■ Prompt ■
Copy down the listing below exactly. Do not include pictures.

■ Information shown ■

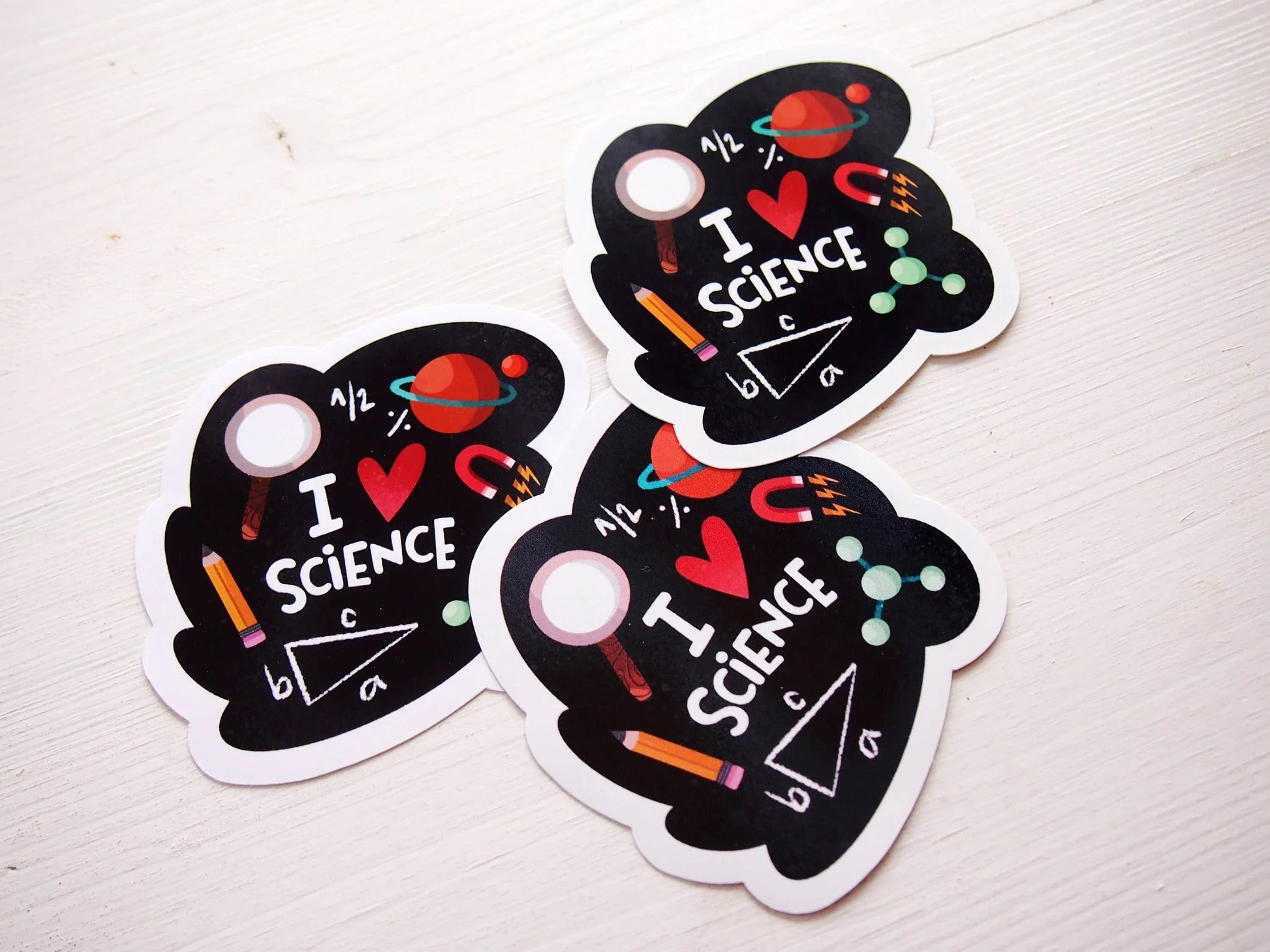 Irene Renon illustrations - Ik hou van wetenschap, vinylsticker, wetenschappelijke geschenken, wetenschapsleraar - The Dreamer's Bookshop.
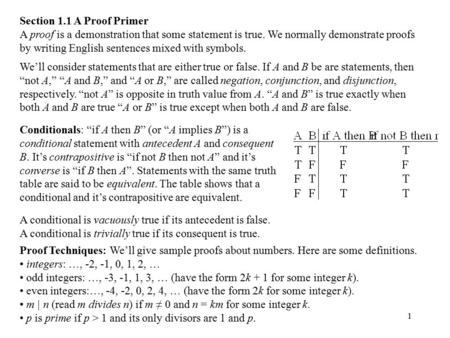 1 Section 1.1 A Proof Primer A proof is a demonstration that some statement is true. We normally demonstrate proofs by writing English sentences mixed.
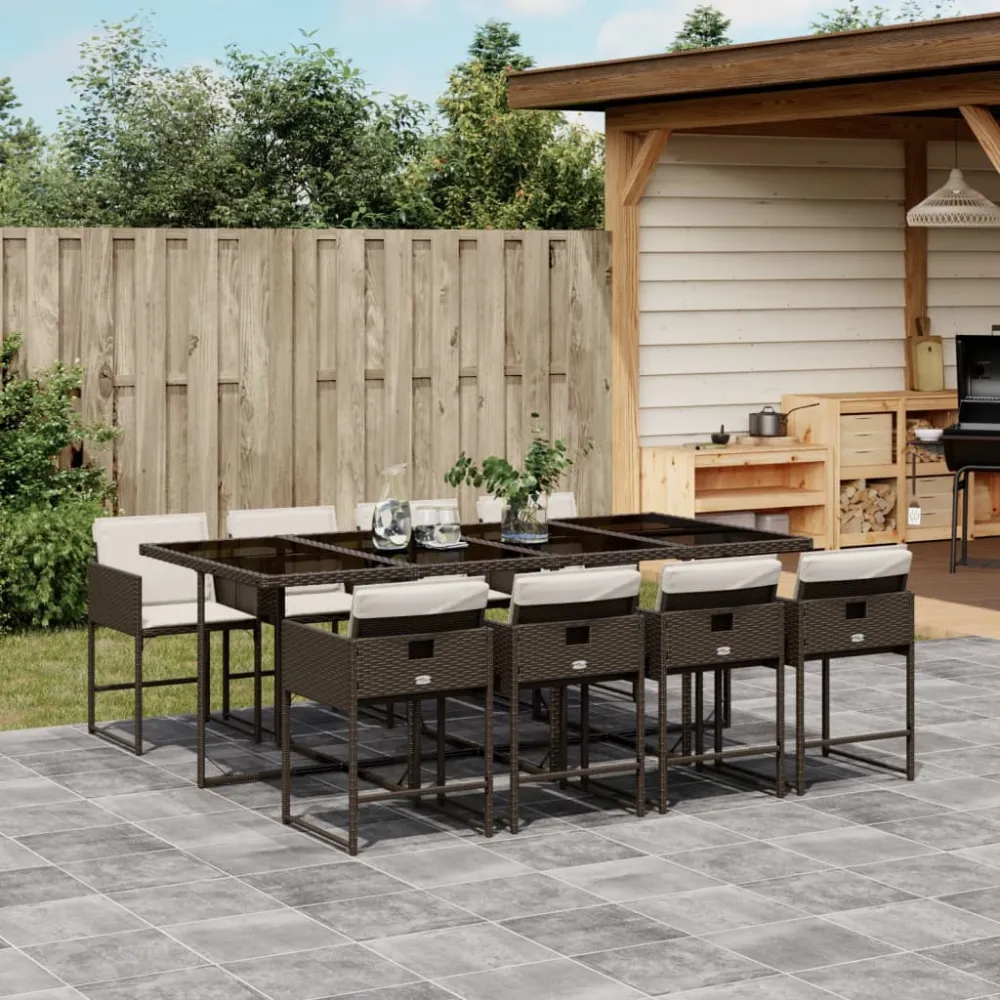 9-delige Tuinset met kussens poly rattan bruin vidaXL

■ Response for this exercise ■
 Irene Renon illustrations - Ik hou van wetenschap, vinylsticker, wetenschappelijke geschenken, wetenschapsleraar - The Dreamer's Bookshop.
 1 Section 1.1 A Proof Primer A proof is a demonstration that some statement is true. We normally demonstrate proofs by writing English sentences mixed.
 9-delige Tuinset met kussens poly rattan bruin vidaXL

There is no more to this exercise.